Les 5 étapes d’une bulle

Une caractéristique fondamentale des bulles est la suspension de l’incrédulité de la plupart des participants lorsque la flambée spéculative des prix se produit : Ce n’est que rétrospectivement, après l’éclatement de la bulle, qu’elles sont reconnues (au grand dam de nombreux investisseurs). Néanmoins, certains économistes ont identifié cinq étapes d’une bulle – un schéma de son ascension et de sa chute – qui pourraient empêcher les imprudents de se laisser prendre dans ses griffes trompeuses.

les points clés à retenir

  • Les bulles financières sont trompeuses et imprévisibles, mais la compréhension des cinq étapes qui les caractérisent peut aider les investisseurs à s’y préparer.
  • Les cinq étapes du cycle de vie d’une bulle sont le déplacement, le boom, l’euphorie, la prise de profit et la panique.

Qu’est-ce qu’une bulle ?

Le terme « bulle », dans un contexte financier, désigne généralement une situation dans laquelle le prix d’une chose – une action individuelle, un actif financier ou même un secteur, un marché ou une classe d’actifs entier – dépasse largement sa valeur fondamentale. Parce que la demande spéculative, plutôt que la valeur intrinsèque, alimente les prix gonflés, la bulle finit par éclater, mais inévitablement, et les ventes massives provoquent une baisse des prix, souvent assez spectaculaire. Dans la plupart des cas, en fait, une bulle spéculative est suivie d’un effondrement spectaculaire des titres en question.

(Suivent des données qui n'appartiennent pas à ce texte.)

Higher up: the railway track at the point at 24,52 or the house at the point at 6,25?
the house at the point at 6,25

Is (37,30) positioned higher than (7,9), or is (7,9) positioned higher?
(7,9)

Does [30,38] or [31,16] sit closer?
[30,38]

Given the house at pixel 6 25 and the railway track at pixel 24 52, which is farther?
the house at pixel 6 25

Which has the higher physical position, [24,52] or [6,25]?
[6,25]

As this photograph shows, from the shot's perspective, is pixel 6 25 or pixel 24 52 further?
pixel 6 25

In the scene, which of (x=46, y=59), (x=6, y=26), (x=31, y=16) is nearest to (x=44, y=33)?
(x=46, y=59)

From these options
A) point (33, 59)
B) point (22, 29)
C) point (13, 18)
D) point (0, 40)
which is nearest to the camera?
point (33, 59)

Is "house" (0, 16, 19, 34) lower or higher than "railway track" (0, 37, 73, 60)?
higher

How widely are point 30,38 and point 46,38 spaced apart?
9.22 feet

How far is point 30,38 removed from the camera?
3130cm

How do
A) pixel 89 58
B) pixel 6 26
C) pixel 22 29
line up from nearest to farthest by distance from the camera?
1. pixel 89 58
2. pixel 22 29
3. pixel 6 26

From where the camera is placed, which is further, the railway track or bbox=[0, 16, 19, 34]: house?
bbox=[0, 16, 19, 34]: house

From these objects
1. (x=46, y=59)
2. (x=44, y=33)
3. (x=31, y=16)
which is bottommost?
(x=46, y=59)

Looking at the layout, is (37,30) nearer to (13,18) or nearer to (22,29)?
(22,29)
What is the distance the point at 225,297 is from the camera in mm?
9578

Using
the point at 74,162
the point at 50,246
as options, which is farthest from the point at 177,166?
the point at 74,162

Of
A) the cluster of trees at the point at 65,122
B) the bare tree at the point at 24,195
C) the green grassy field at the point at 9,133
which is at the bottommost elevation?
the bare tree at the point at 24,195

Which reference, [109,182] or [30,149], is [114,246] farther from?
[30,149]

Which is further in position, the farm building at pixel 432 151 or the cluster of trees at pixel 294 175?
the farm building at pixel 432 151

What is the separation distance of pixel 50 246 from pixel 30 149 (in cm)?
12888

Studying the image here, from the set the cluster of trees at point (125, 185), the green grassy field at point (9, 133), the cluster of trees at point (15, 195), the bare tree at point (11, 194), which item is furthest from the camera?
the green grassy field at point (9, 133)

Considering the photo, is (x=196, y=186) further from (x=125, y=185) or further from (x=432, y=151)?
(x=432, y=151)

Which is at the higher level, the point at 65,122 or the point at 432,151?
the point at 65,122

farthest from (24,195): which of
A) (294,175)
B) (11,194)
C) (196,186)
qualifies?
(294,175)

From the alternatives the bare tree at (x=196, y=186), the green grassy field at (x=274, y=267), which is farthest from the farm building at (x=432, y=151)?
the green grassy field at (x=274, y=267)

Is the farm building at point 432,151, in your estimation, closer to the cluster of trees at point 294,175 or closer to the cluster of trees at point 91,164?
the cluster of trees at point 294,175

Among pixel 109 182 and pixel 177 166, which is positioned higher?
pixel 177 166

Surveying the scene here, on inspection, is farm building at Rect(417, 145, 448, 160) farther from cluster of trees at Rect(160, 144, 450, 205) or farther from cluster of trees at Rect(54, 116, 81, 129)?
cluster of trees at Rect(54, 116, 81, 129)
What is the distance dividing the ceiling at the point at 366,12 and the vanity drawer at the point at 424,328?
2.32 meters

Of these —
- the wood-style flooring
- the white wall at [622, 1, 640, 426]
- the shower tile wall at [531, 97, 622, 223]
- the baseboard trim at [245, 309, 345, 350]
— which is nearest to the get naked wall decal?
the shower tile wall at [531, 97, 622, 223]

Les dommages causés par l’éclatement d’une bulle dépendent du/des secteur(s) économique(s) concerné(s), et aussi du fait que l’ampleur de la participation soit généralisée ou localisée. Par exemple, l’éclatement des bulles boursières et immobilières au Japon en 1989-1992 a entraîné une longue période de stagnation de l’économie japonaise, au point que les années 1990 sont considérées comme la décennie perdue. Aux États-Unis, l’éclatement de la bulle Internet en 2000 et de la bulle immobilière en 2008 a entraîné de graves récessions.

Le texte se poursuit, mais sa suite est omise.